Sunday, July 10, 2016

4 Ways to (Legally) Get Free E-Books

1. Library

Your local library is probably the best source of free books full stop. With the rise of digital technology,  many libraries have started loaning out ebooks through systems like Overdrive. Check out your local library and see if they have a system to lend out ebooks.

2. Websites and Databases Dedicated to Out-of-Copyright Books

There are a wide range of websites and databases that compile books that have gone out of copyright, and that you can read legally for free. Probably the most well-known example is Project Gutenberg, but there are plenty of others.

3. Kindle Books

Not only are there Kindle editions of out of copyright works, but many authors offer their books for free for various reasons. Maybe it's a temporary promotion, maybe they make the first book in a series free to hook new readers, or maybe they are trying to get on a bestseller list. Searching the free ebooks section of Kindle and finding a gem can be tricky, but worth it.

4. Social Media

If an author or website puts an ebook up for free for a limited time, it can be difficult to catch the deal. One solution to this is to search hashtags like #freeebooks on your favorite social media sites. Most social media sites are arranged in chronological order, so you will be kept up to date with the latest deals.

Any cool tips for legally getting free ebooks? Leave them in the comments.

Friday, June 24, 2016

5 Cool Fantasy and Science Fiction Short Stories

Looking for a quick, fun read? Here are five short fantasy and science-fiction stories that you can find online.

"Clockwork Fairies" by Cat Rambo

This is a steampunk short story with an interesting premise. It combines elements of science-fiction and fantasy.

"Variations on an Apple" by Yoon Ha Lee

This re-telling of the judgment of Paris and the Trojan war has a striking writing style.
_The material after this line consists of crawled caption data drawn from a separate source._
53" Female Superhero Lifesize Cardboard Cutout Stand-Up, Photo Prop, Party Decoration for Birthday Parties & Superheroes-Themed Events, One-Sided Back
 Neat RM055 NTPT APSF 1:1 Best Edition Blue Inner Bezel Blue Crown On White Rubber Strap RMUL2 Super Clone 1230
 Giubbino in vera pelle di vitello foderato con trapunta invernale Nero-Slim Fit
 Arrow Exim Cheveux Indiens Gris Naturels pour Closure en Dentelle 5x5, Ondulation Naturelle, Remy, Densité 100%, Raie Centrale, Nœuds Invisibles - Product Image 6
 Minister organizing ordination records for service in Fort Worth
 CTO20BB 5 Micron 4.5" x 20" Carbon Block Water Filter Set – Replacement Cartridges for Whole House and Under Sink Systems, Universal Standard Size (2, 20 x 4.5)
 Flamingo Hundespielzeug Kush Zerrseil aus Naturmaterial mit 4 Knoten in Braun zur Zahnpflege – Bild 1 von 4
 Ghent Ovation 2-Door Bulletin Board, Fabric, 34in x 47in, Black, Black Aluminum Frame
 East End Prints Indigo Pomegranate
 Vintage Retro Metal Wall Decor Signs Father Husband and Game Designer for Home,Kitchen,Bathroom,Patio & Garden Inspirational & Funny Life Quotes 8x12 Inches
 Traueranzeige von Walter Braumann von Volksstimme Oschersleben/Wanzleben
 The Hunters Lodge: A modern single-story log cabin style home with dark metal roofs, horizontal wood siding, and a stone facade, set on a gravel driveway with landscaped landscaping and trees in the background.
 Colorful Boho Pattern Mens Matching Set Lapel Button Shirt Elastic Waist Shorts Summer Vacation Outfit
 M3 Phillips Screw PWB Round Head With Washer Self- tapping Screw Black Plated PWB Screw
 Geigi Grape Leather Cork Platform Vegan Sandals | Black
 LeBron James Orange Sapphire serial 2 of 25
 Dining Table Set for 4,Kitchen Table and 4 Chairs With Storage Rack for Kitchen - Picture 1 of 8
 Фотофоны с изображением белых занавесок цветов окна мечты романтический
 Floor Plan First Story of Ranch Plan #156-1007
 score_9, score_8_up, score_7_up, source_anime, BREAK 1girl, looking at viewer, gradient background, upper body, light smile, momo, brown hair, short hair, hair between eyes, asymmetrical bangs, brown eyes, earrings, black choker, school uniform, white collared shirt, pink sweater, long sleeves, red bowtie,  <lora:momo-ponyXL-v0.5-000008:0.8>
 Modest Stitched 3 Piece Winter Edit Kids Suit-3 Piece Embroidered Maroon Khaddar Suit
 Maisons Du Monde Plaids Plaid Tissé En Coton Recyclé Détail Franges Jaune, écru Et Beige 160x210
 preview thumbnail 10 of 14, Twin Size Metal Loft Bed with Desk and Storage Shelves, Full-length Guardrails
"16 September 1999: Interrogations" by Kate Matta

A 19-year-old girl breaks into the Metropolitan Museum of Art and tries to steal pistols. A series of interviews and police reports reveal why she did this. Given that "found footage" has become such a significant part of supernatural and horror cinema, it is interesting to see how it might work in literature.

"Those Who Watch" by Ruthanna Emrys

This eerie, Lovecraftian tale has the uncanny feel of the original stories, but updating it to a modern setting. If you love libraries, archives or old manuscripts then this story will be of particular interest to you.

"The Lizard Dance" by Gio Clairval and Jeff Vandermeer

I really enjoyed Jeff Vandermeer's Annihilation, and this story has some similarities, particularly with the seeming supernatural representation of nature.